> [Records provided]
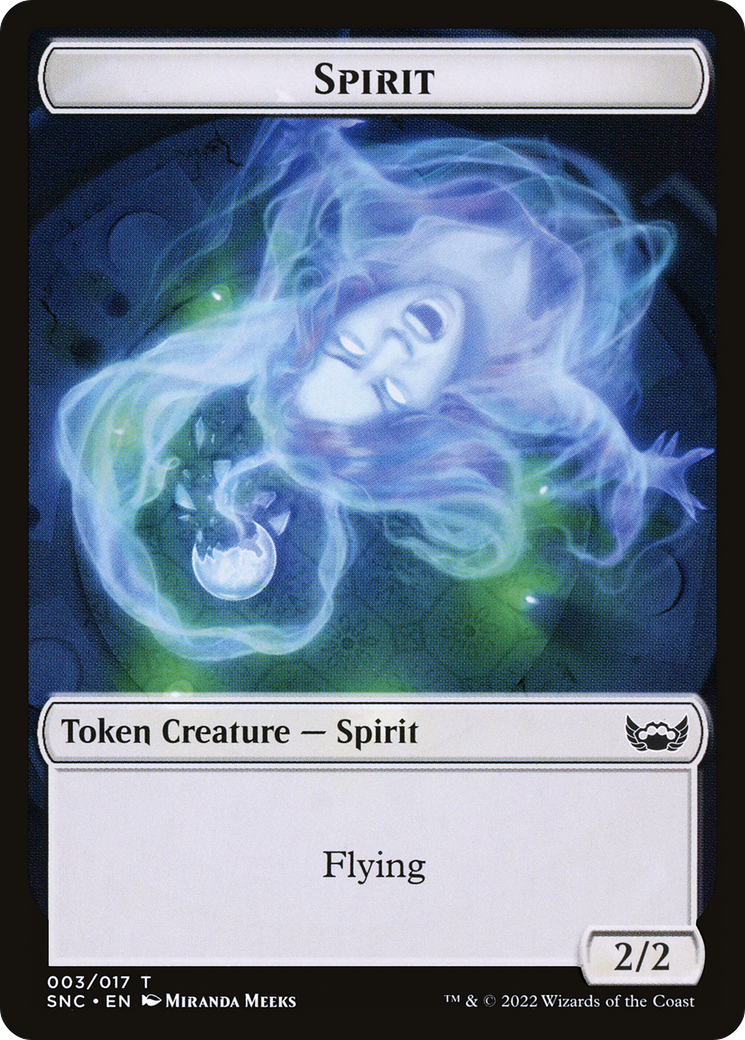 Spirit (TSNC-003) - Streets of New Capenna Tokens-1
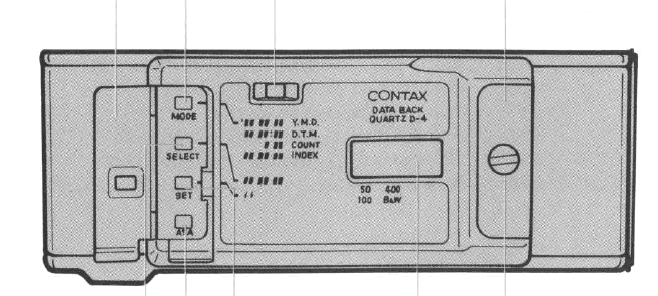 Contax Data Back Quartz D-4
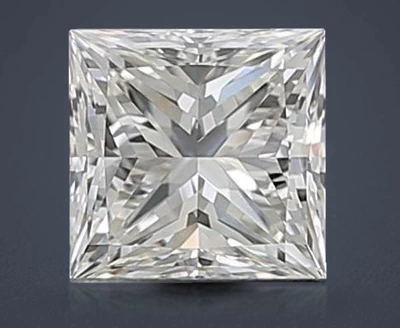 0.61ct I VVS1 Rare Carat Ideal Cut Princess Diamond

* * *

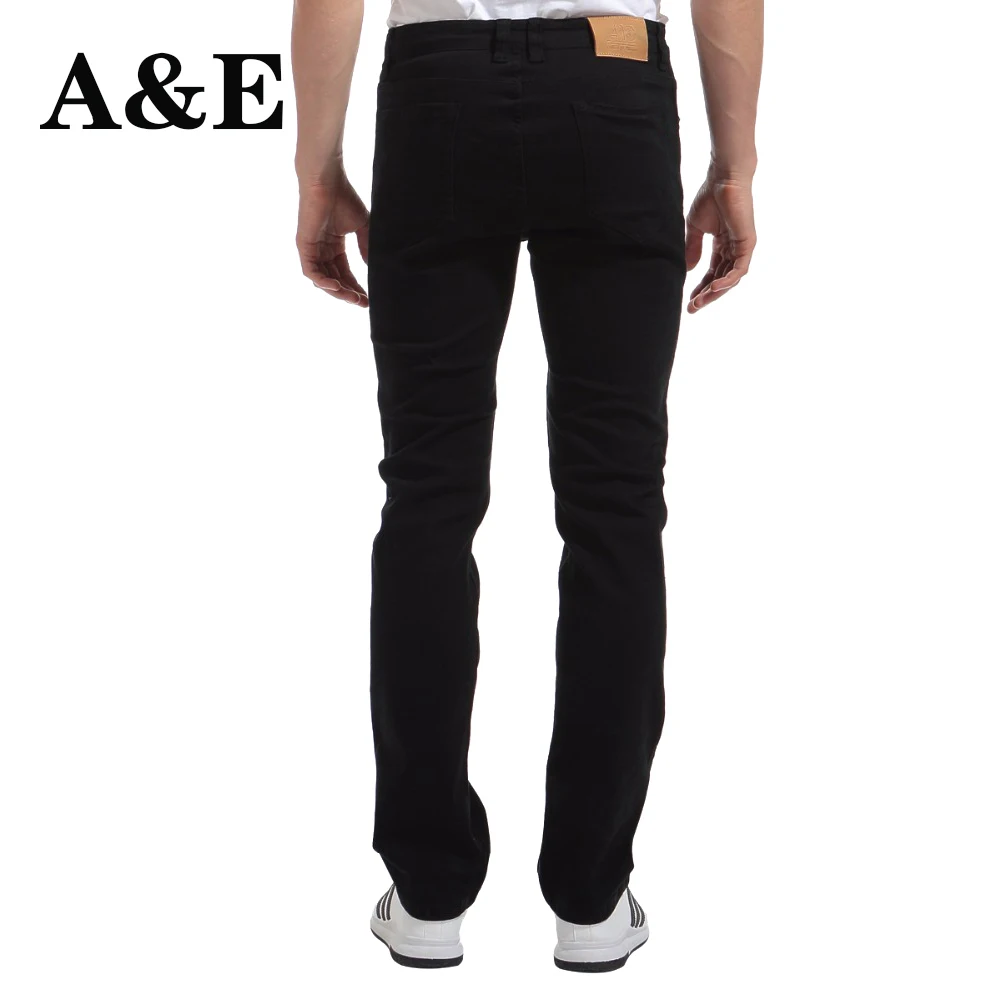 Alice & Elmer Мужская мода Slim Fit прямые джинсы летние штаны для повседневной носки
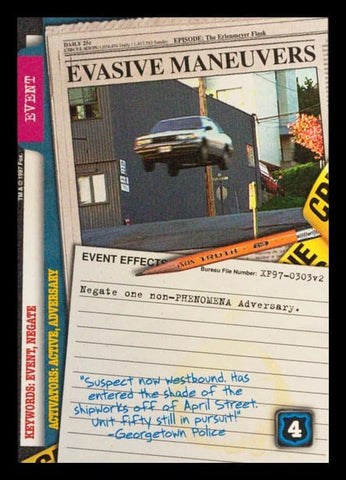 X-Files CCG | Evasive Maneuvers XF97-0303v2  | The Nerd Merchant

...

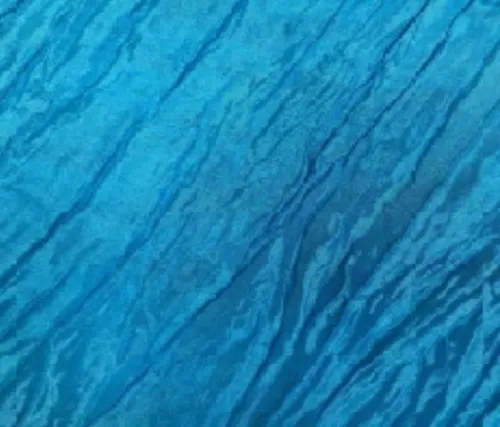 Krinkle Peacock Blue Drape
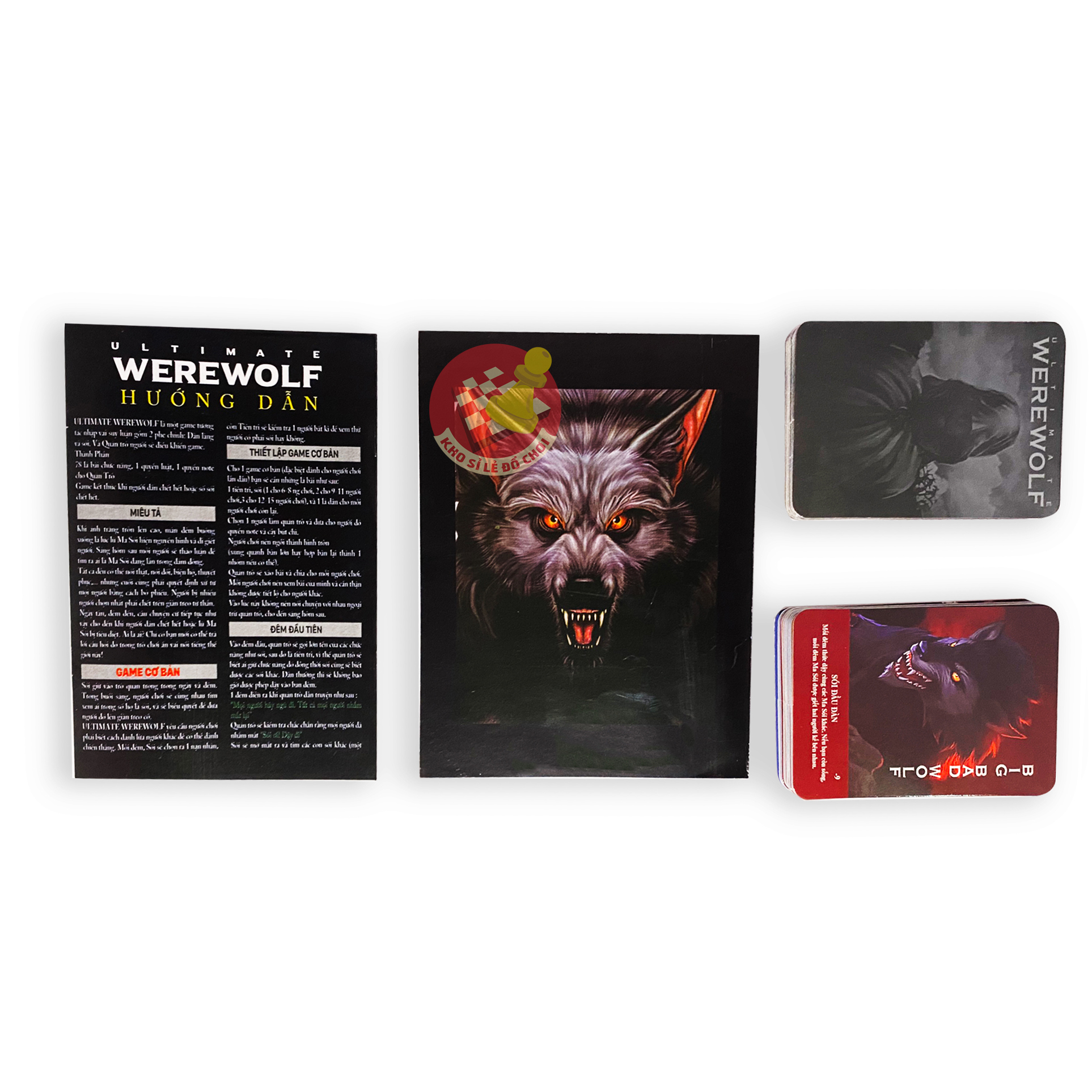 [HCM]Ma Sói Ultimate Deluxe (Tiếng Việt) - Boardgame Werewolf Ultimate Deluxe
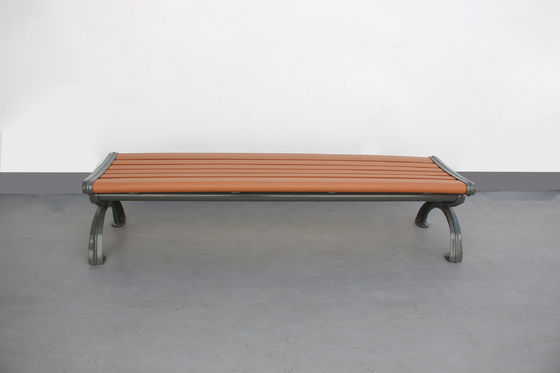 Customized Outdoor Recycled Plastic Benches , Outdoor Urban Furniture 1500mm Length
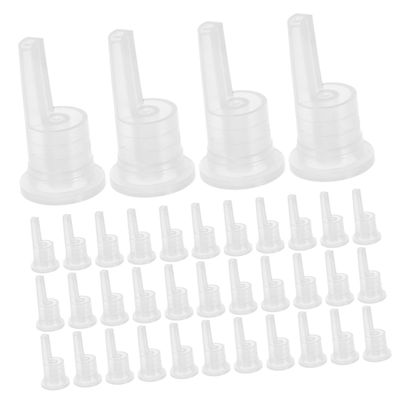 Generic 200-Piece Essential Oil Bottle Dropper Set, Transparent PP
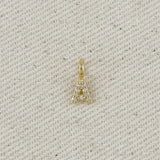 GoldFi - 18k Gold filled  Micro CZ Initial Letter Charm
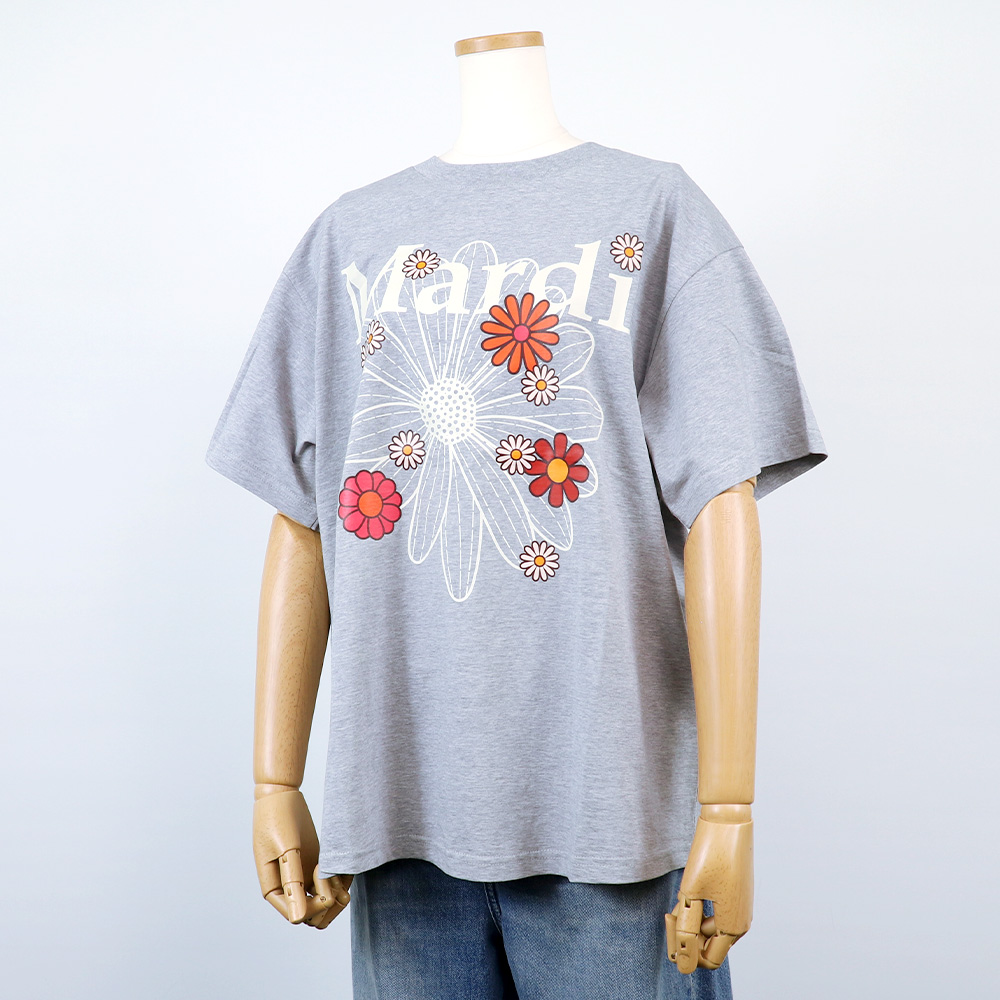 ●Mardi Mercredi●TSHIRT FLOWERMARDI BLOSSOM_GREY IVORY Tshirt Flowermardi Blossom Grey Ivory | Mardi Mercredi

> [Exercise requirements]
Once the line with "Spirit (TSNC-003) - Streets" is found in the data above, reproduce it and each line after it exactly, through the line with "0.61ct I VVS1". Omit the pictures.

> [Output of the task]
 Spirit (TSNC-003) - Streets of New Capenna Tokens-1
 Contax Data Back Quartz D-4
 0.61ct I VVS1 Rare Carat Ideal Cut Princess Diamond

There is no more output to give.